5

I'm trying to parse H.264 frames from a .mov file. I think I've come to the conclusion that mov.c from AVFormat-part of FFMPEG is the way to go. But mov.c is ~2600 lines of next to uncommented code. I'm looking for examples of usage of FFMPEG, especially parsing the structure of any file type. doesn't matter if it is MPEG4 or Quicktime Movie since they are quite similar in structure.

if there are no existing examples (I can't find any) maybe someone has used it and can give me a couple of lines of code, or explain how to get started?

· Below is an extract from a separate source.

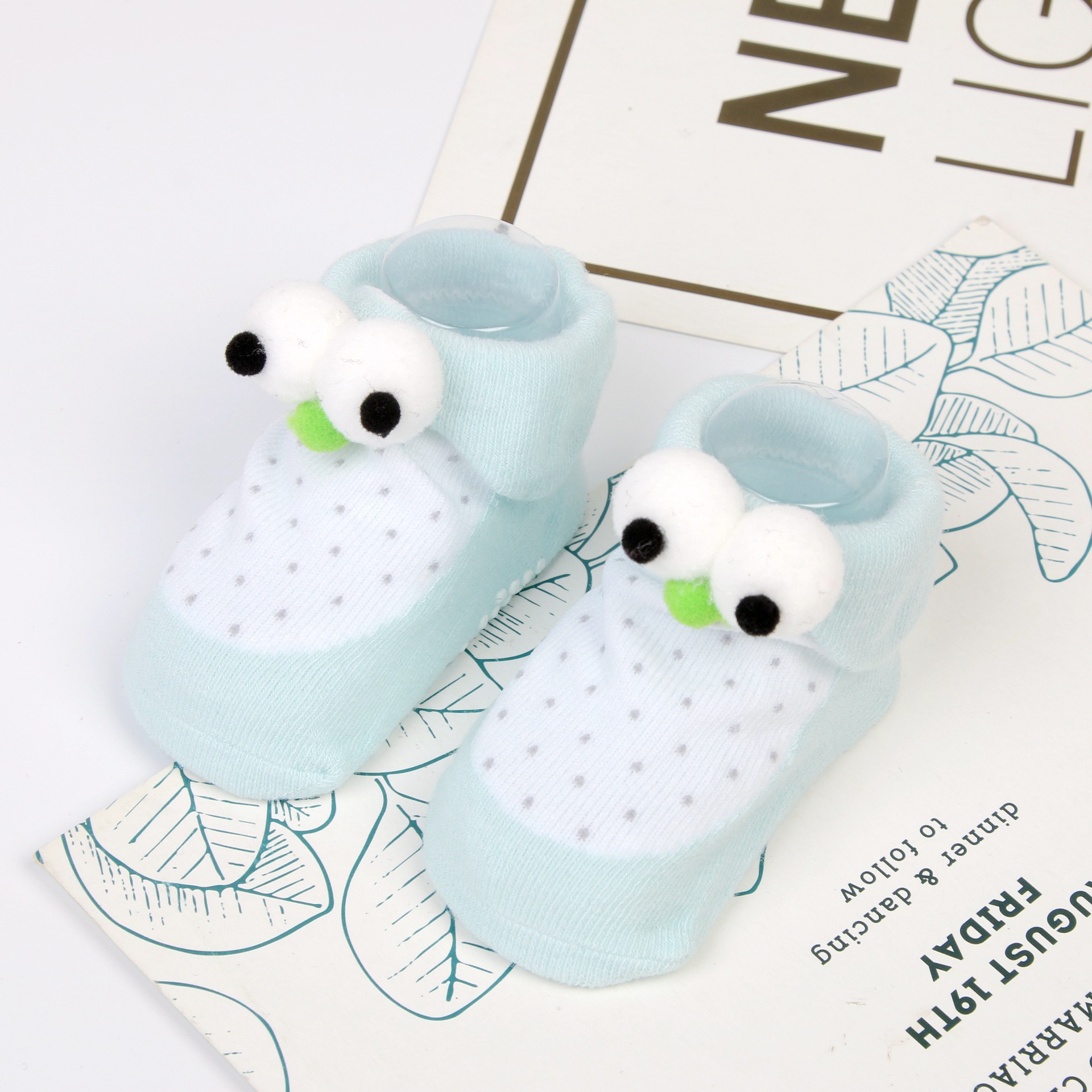 Autumn and winter new rubber anti - slip pure cotton children&#039;s socks baby cartoon floor socks wholesale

What I'm trying to do: i use AVCaptureSession to capture samples from the video camera, these samples are then encoded in H264 and written to file with the help of AVAssetsWriter, AVAssetsWriterInput and AVAssetsWriterInputPixelBufferAdaptor. The reason for which is that I can't access the hardware H264 encoding directly since apple won't allow this. What I now need to do (I think not sure) is parse out:

The "mdat"-atom (Movie data, there might be more than one i think) from the .mov file. then the "vide"-atom and then within the vide-atom (Video data sample, there might be more than one). I think there will be several atoms which i belive is the frames. these will be of type "avc1" (that's the type for H264). Please correct me in this because i'm quite sure that i havn't gotten all of this correctly yet.

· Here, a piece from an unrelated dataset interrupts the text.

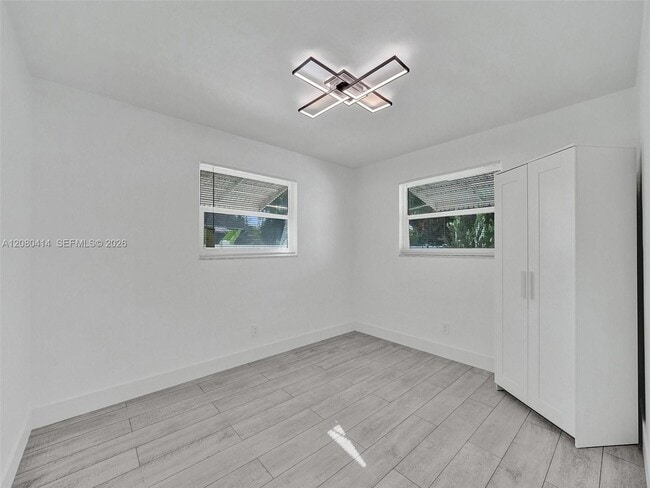 Building Photo - 2446 Fillmore St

my question then is, how will i go about parsing out the single frames. I've been reading the documentation and looked at iFrameExtractor (which is not very helpful since it decodes the frames). I think I've understood it correctly when I'm supposed to use mov.c from FFMPEG-AVFormat but I'm not sure.

Edit: I'm now trying like this:

  1. I run the slightly reduced init function i iFrameExtractor which finds the videostream in the .mov-file.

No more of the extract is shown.